ここがダメだよ、大和証券(2)

ここがダメだよ、大和証券(2)

「圧倒的」に売買手数料が高い

大和証券の現状のどこがダメかというと、まず売買手数料が高いということが挙げられます。無論、例えば20年前と比較すれば売買手数料水準は低くはなっています。が、現在は主要なネット証券はもとより、野村、日興のネットトレードと比較しても、大和の手数料の高さは悪い意味でかなり際立っている印象があります。

大和の場合、ネット専用のダイレクトコースでも売買手数料は高いです。また、支店のコンサルティングコースにしている場合、すべて自分で判断してなんら「コンサルティング」を利用していない、なんの助言も情報提供も得ていなかったとしても、コンサルティングコースであるというだけで、ネットで注文してもダイレクトコースよりも割高な手数料適用になってしまいます。これは感覚的にはちょっと納得はし難いです。逆に裁量配分で有望な商品の提供でもあれば、そこはコストが割高でも納得感はあるのでしょうが。

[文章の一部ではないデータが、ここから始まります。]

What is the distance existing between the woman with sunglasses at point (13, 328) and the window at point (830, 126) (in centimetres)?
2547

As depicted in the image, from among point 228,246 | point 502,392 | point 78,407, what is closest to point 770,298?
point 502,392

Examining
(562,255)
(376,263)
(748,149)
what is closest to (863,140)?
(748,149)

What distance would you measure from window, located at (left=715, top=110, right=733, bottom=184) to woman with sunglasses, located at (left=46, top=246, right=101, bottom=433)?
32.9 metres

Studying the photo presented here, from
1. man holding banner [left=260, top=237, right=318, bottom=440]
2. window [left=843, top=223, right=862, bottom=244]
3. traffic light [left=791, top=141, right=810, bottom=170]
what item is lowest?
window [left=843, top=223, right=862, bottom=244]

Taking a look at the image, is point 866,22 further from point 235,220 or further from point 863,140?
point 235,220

野村、日興の支店の口座の手数料水準については詳しくないので、大和と同等の面があるかもしれませんが、とにかく全般的に見て、大和の売買手数料は今日的なネットトレードが一般化している状況下では高いです。

つまり現状の大和は、日常的な細かい売買、回数が多くなるスキャルピングやデイトレードについては、利用する意味が薄く(ほとんどなく)、実際、このような形で利用している人は非常に少ないでしょう。

今はもう「株・投信、手数料ゼロの波 個人投資家の裾野拡大 収益圧迫、再編誘発も」という時代になってきています。これは昨日の日経一面の見出しです。
その記事の中では「インターネット取引を主力とするカブドットコム証券と松井証券は、年内にそれぞれ信用取引(総合2面きょうのことば)と投信で撤廃する。カブコムは来春に現物株取引でも着手する計画だ。」という記述があり「SBI証券も現物取引の手数料を3年後に無料化する方針を掲げている。」ということも書かれています。

その時代に、今のこの大和の手数料体系は基本的には対抗することはできません。

多くの金融資産を有している高齢者層にコンサルタントで丁寧にアプローチをし、高いコストを負担してもらって利益につなげるという発想もあるでしょう。
単なる商品の売り屋さんではなく、中立的FPのような視点も含めて、有益なアドバイスがきちんとできるのであれば、そこにコストを支払うということもありえます。
が、どうしても、販売店がアドバイザーも兼ねていると、これは保険でもそうですが、結局、自社の商品を売ることに意識がいってしまい、そこから自由になることは難しいでしょう。ピッチャーが審判も兼ねるのであれば、あまりにひどいボール以外は、だいたいストライクと判定することになるでしょう。

そして、これからの高齢者はどんどん自分でパソコンやスマホを使いこなし、判断も自分自身で行うようになっていきます。一方、低コストでのインデックスファンドを中心とした低コストで合理的な資産運用も進んでいくでしょう。その中で、このクソ高い売買手数料体型の証券会社が対リテールのところでそのままで生き残れるはずがありません。

こうした問題意識に応えるという意味で、大和は新ブランド「CONNECT」というのを準備しています。が、その具体的なサービス内容はまだ明らかになっていません。


これがどこまでここに期待できるのか、現段階では疑問です。